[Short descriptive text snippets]
((

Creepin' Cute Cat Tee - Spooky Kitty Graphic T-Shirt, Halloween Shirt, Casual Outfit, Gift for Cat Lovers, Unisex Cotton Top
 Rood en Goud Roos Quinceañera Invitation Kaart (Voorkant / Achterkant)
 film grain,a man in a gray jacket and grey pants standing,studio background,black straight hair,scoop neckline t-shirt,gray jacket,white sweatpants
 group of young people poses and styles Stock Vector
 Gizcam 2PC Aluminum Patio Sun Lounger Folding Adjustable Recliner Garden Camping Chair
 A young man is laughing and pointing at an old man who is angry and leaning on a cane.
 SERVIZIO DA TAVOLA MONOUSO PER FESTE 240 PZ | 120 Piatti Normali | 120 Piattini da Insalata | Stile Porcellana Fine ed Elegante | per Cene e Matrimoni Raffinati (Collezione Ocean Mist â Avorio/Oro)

))

Task to complete
Going line by line, set down the data above exactly as given.

Answer to this task
Creepin' Cute Cat Tee - Spooky Kitty Graphic T-Shirt, Halloween Shirt, Casual Outfit, Gift for Cat Lovers, Unisex Cotton Top
 Rood en Goud Roos Quinceañera Invitation Kaart (Voorkant / Achterkant)
 film grain,a man in a gray jacket and grey pants standing,studio background,black straight hair,scoop neckline t-shirt,gray jacket,white sweatpants
 group of young people poses and styles Stock Vector
 Gizcam 2PC Aluminum Patio Sun Lounger Folding Adjustable Recliner Garden Camping Chair
 A young man is laughing and pointing at an old man who is angry and leaning on a cane.
 SERVIZIO DA TAVOLA MONOUSO PER FESTE 240 PZ | 120 Piatti Normali | 120 Piattini da Insalata | Stile Porcellana Fine ed Elegante | per Cene e Matrimoni Raffinati (Collezione Ocean Mist â Avorio/Oro)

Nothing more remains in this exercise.